TAKING THE PULSE: U.S. power companies faced declining electricity demand and sliding power prices in the first quarter, likely trimming earnings for utilities and generators alike.

Power output nationally fell 3% for the first three months of the year, as ongoing weakness in the economy continued to erode demand. Faced with declining sales, regulated utilities have cut costs and begun to turn to state regulators to raise rates. Analysts aren't expecting major cuts by utilities to earning guidance this early in the year.
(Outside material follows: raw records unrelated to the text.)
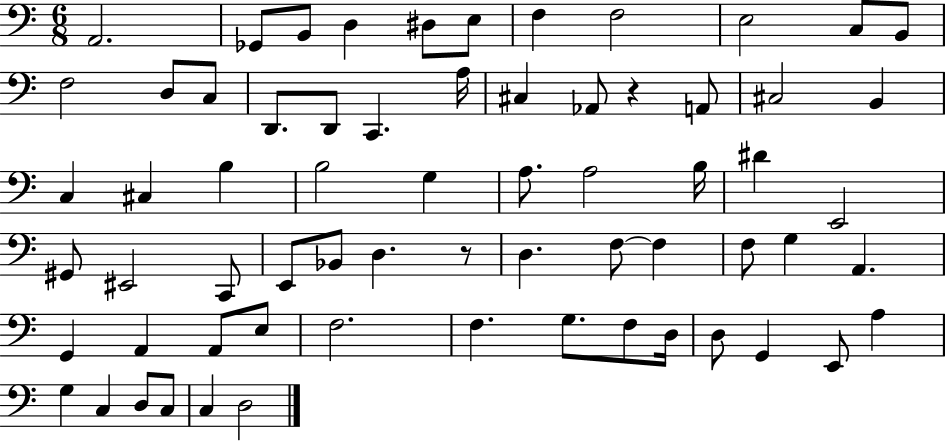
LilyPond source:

{
  \clef bass
  \numericTimeSignature
  \time 6/8
  \key c \major
  \repeat volta 2 { a,2. | ges,8 b,8 d4 dis8 e8 | f4 f2 | e2 c8 b,8 | \break f2 d8 c8 | d,8. d,8 c,4. a16 | cis4 aes,8 r4 a,8 | cis2 b,4 | \break c4 cis4 b4 | b2 g4 | a8. a2 b16 | dis'4 e,2 | \break gis,8 eis,2 c,8 | e,8 bes,8 d4. r8 | d4. f8~~ f4 | f8 g4 a,4. | \break g,4 a,4 a,8 e8 | f2. | f4. g8. f8 d16 | d8 g,4 e,8 a4 | \break g4 c4 d8 c8 | c4 d2 | } \bar "|."
}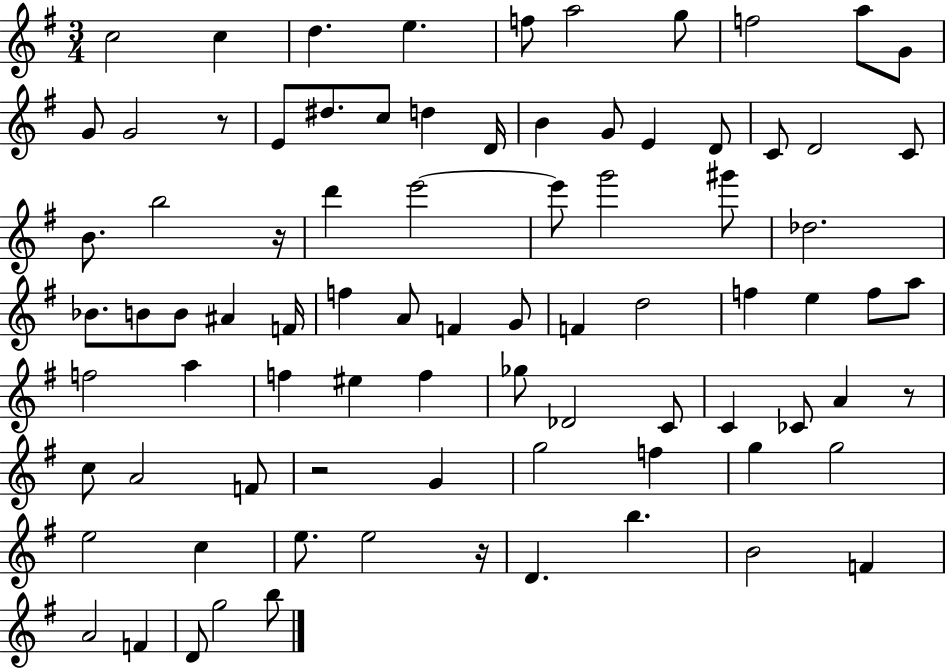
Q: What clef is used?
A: treble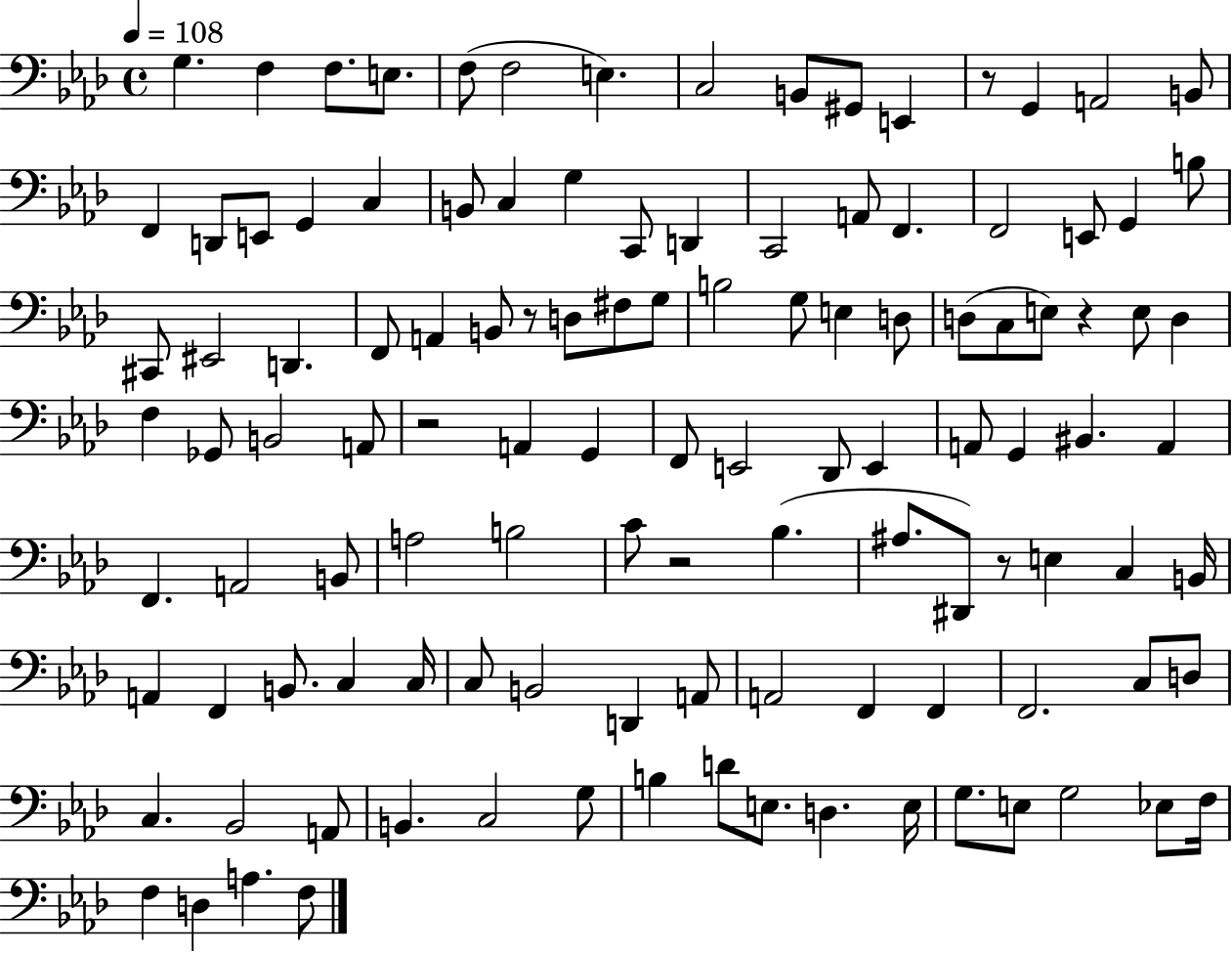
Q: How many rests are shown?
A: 6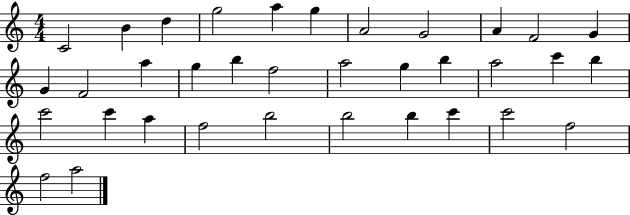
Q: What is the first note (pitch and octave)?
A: C4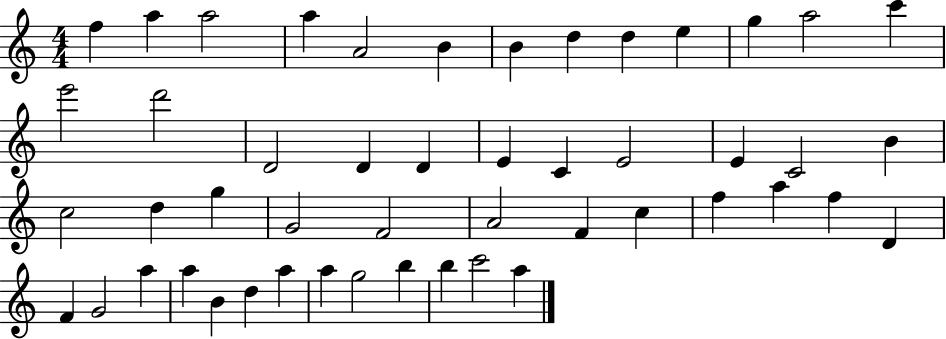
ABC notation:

X:1
T:Untitled
M:4/4
L:1/4
K:C
f a a2 a A2 B B d d e g a2 c' e'2 d'2 D2 D D E C E2 E C2 B c2 d g G2 F2 A2 F c f a f D F G2 a a B d a a g2 b b c'2 a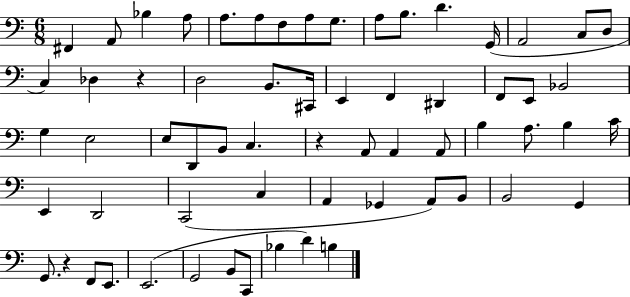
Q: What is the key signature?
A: C major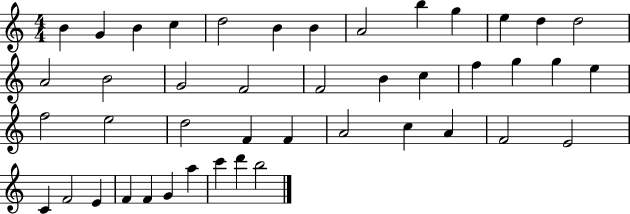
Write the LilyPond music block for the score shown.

{
  \clef treble
  \numericTimeSignature
  \time 4/4
  \key c \major
  b'4 g'4 b'4 c''4 | d''2 b'4 b'4 | a'2 b''4 g''4 | e''4 d''4 d''2 | \break a'2 b'2 | g'2 f'2 | f'2 b'4 c''4 | f''4 g''4 g''4 e''4 | \break f''2 e''2 | d''2 f'4 f'4 | a'2 c''4 a'4 | f'2 e'2 | \break c'4 f'2 e'4 | f'4 f'4 g'4 a''4 | c'''4 d'''4 b''2 | \bar "|."
}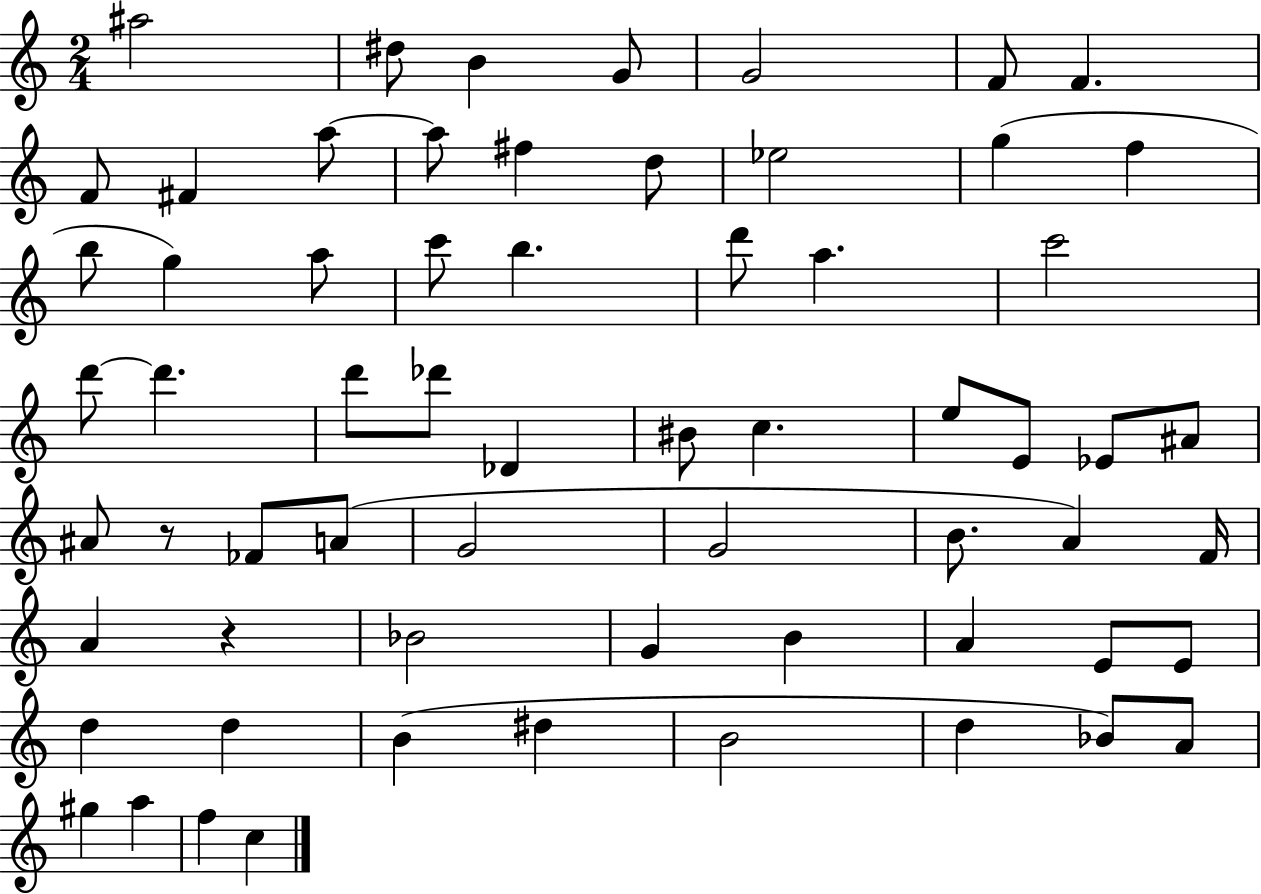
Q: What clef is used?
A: treble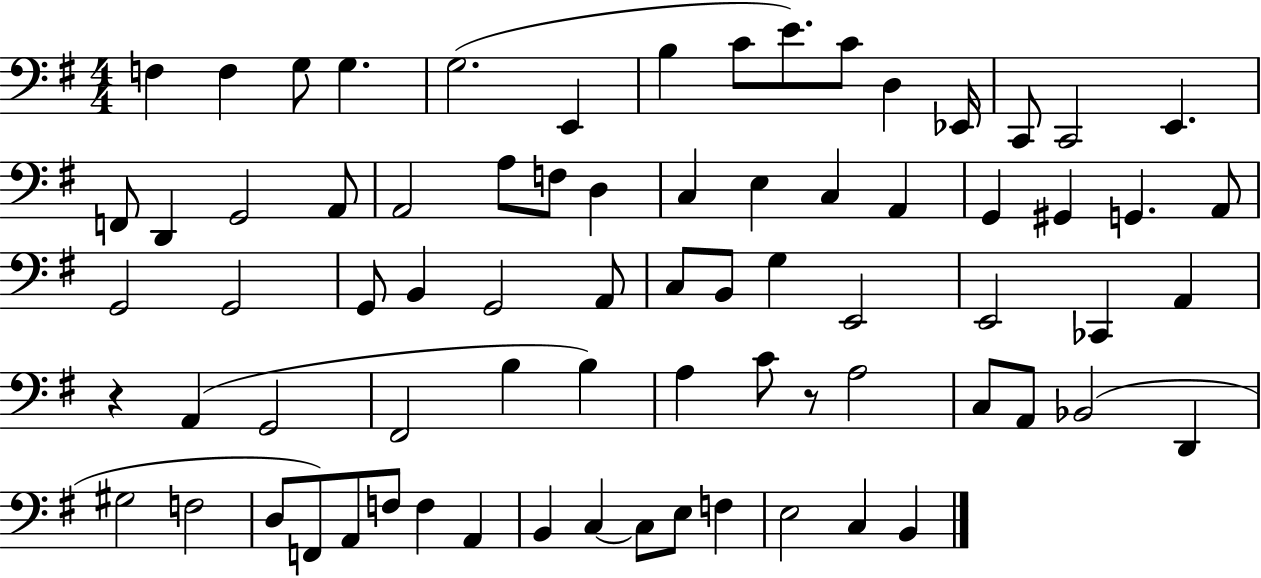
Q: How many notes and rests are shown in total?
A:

Companies with power plants that sell electricity in deregulated states continued to face slumping prices in the first quarter. Natural gas prices, which drive power prices in many of the U.S.'s regional electricity markets, sit at six-and-a-half-year lows. Most generators protect themselves against commodity price swings in the short term through hedging programs, but ongoing weakness could result in cuts by companies to earnings outlooks.


Southern Co. (SO) - reports April 29

Wall Street Expectations: Analysts surveyed by Thomson Reuters anticipate earnings of 41 cents a share on revenue of $3.5 billion, compared with year-earlier earnings of 47 cents a share on revenue of $3.68 billion.

Key Issues: Southern and other regulated utilities face ongoing earnings pressure from declines in power sales, especially in the industrial sector. Cost cutting has been one way to balance the dropoff, but reductions likely are getting harder. American Electric Power Co. (AEP) cut profit guidance for the year last month, while Entergy Corp. (ETR) warned investors that earnings for the year could finish at the low end of guidance. But "meaningful" cuts to annual earnings outlooks aren't likely by companies in the coming weeks, especially with three quarters still to go, wrote J.P. Morgan analyst Andrew Smith in a recent note to clients.

Entergy Corp. (ETR) - reports May 4

Wall Street Expectations: Analysts forecast earnings of $1.44 a share on revenue of $3.08 billion, compared with $1.56 and $2.86 billion, respectively.

Key Issues: Entergy is one company being watched for potential merger and acquisition activity. The company, which indicated its interest in February, could buy an independent power producer or individual plants, although Credit Suisse analyst Dan Eggers in a recent note to clients wrote he isn't convinced either will happen. Also, Exelon Corp. (EXC) continues to pursue its unsolicited bid for NRG Energy Inc. (NRG).

Reliant Energy Inc. (RRI)- no date announced

Wall Street Expectations: Analysts forecast a loss of 11 cents a share on revenue of $621 million, compared with earnings of $1.07 a share, including $558 million in unrealized gains from energy derivatives, on revenue of $2.82 billion.

Key Issues: Reliant and other independent power producers are the most exposed to swings in natural gas and power prices. That leaves their earnings guidance vulnerable to revisions if prices don't rebound as the year goes on. Also, some generators find their older, coal-fired power plants face competition from newer, natural-gas fired plants because of the slide in gas prices. Shares of merchant generators have rallied in recent months, in part because of speculation they may be scooped up if M&A activity picks up.

(The Thomson Reuters estimate and year-earlier net may not be comparable due to one-time items and other adjustments.)